Но подобное обесценивание essentia и всеобщности — ибо сущность здесь принижена почти до несущественного — не выдерживает критики. И как раз в онтологическом смысле. Ибо ведь экзистирующее вовсе не имеют в виду чисто как таковое. Сама экзистенция ведь во всём одна и та же. Экзистирующее подразумевают, скорее, «в» его различном оформлении, определённости, в полной индивидуальности так-бытия. Но оформление — это дело не existentia, но essentia. Оно состоит из бесчисленных определённостей, каждая из которых повторяется во множестве индивидуальных случаев, то есть всеобща.
Или даже наоборот. Если всеобщее можно путём абстрагирования получить из отдельных случаев — хотя бы только, чтобы затем иметь его in mente, — то оно всё же как-то должно содержаться в этих случаях.

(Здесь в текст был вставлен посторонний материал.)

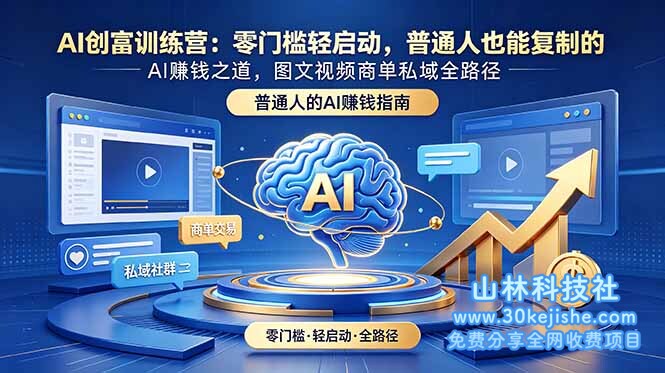 （第33期）AI创富训练营：零门槛轻启动，普通人也能复制的AI赚钱之道，图文视频商单私域全路径！-山林科技社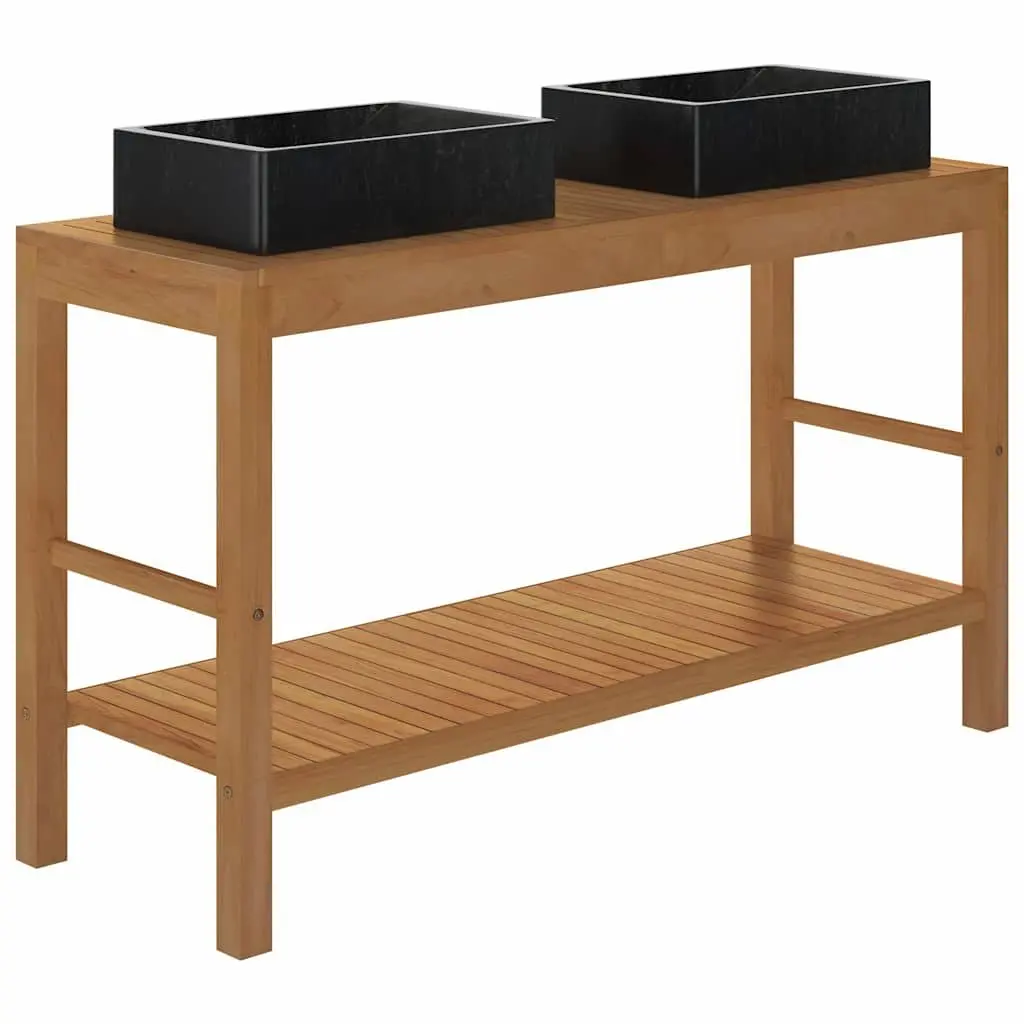 Bathroom Vanity Cabinet for Bathroom with Two Marble Sinks Solid Teak Wood Black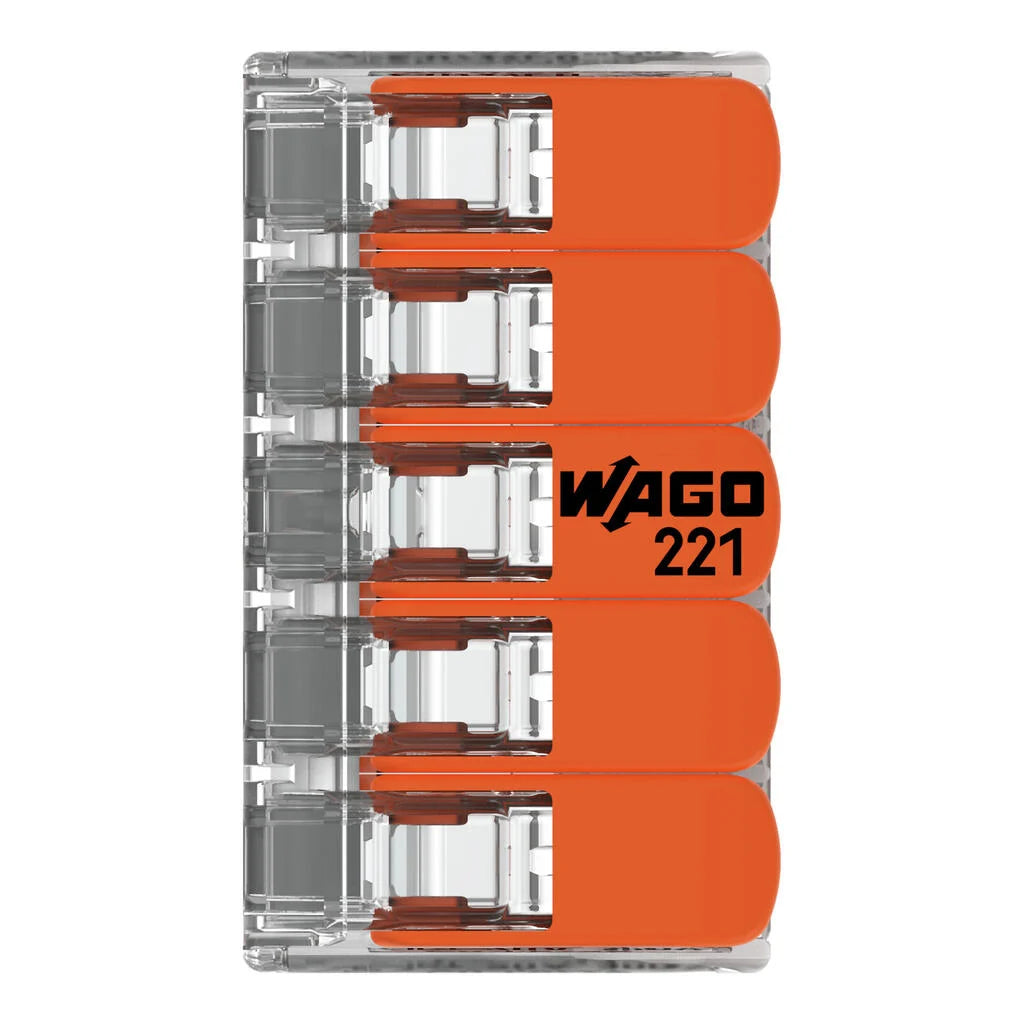 Conjunto 10 Ligadores Wago para 5 Condutores (0,2mm² a 4mm²)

Но так как случаи — это экзистирующее, и своё так-бытие они имеют в себе именно как экзистирующее, то essentia в них с необходимостью должна обладать и бытием. Essentia, таким образом, является в них ничуть не менее сущей, чем existentia.
Если теперь сравнить обоюдные положения реализма и универсализма, то получается, что оба совершают одну и ту же онтологическую ошибку. Первый изолирует так-бытие и затем не может схватить вот-бытие индивидуального, второй изолирует вот-бы-тие и затем не может постичь так-бытие индивидуального. В обоих случаях это одно и то же изолирование одних и тех же явно связанных бытийственных моментов, препятствующее постижению «сущего как сущего». Ведь недостаточно понять сущее только как определённость или только как реально бывающее. Сущее как сущее — это единство того и другого.
Здесь причина того, почему категорий essentia и existentia не хватает, чтобы схватить проблему бытия. А этим объясняется, почему теории универсалий и того и другого лагеря в конце концов всё-таки не удались.